The Grb2 protein consists of a central SH2 domain flanked by two SH3 domains (www.rcsb.org). The binding specificity of the Grb2 N-terminal SH3 (N-SH3) domain have been studied in detail and a consensus canonical binding motif “PXXPXR” has been identified [64]. A total of 72 binding sites within 61 different proteins were experimentally determined to bind to the Grb2 SH3-N domain (S4 Table). Here, we compared our algorithm and other algorithms on the identification of the 72 binding sites of the Grb2 N-SH3 domain.
For each algorithm we selected the top scoring predicted sites such that they cover about 3% of the total length of the 61 Grb2 binding proteins, a coverage that is equivalent to that of the 72 known binding sites. The coverage could, however, be smaller than 3% if the algorithm did not return enough sites. For each algorithm, we show the percentage of the total length of the 61 proteins covered by the sites identified (Fig 7, blue bars), as well as the percentage of the total length of known SH3 binding sites covered (Fig 7, orange bars). We found that the sites identified by SLIMFINDER, DILIMOT, GLAM2, iELM, MOTIFHOUND, and DALEL, exhibit the largest overlap with experimentally characterized binding sites, ranging from about 24% to 38%, among which DALEL obtained the highest overlap of 38.19%.
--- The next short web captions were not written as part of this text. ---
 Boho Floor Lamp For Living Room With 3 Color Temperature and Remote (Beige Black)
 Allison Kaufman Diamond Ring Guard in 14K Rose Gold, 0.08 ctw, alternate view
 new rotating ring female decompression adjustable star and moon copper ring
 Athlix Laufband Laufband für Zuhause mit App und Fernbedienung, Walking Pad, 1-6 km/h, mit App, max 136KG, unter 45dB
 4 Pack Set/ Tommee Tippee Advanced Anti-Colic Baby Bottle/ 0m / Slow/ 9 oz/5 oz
The GRB2 SH3 N-terminal domain is known to bind to 61 proteins, through 72 binding sites that cover 2.45% of their total sequence lengths. We blindly submitted the 61 protein sequences to several algorithms to evaluate their ability to identify these binding sites. We considered the top predicted sites returned for each algorithm, such that they covered at most 3.00% of sequence’s length. For each algorithm, we plot the coverage of the sites identified (red bars), as well as the corresponding coverage of known SH3 binding sites identified (blue bars).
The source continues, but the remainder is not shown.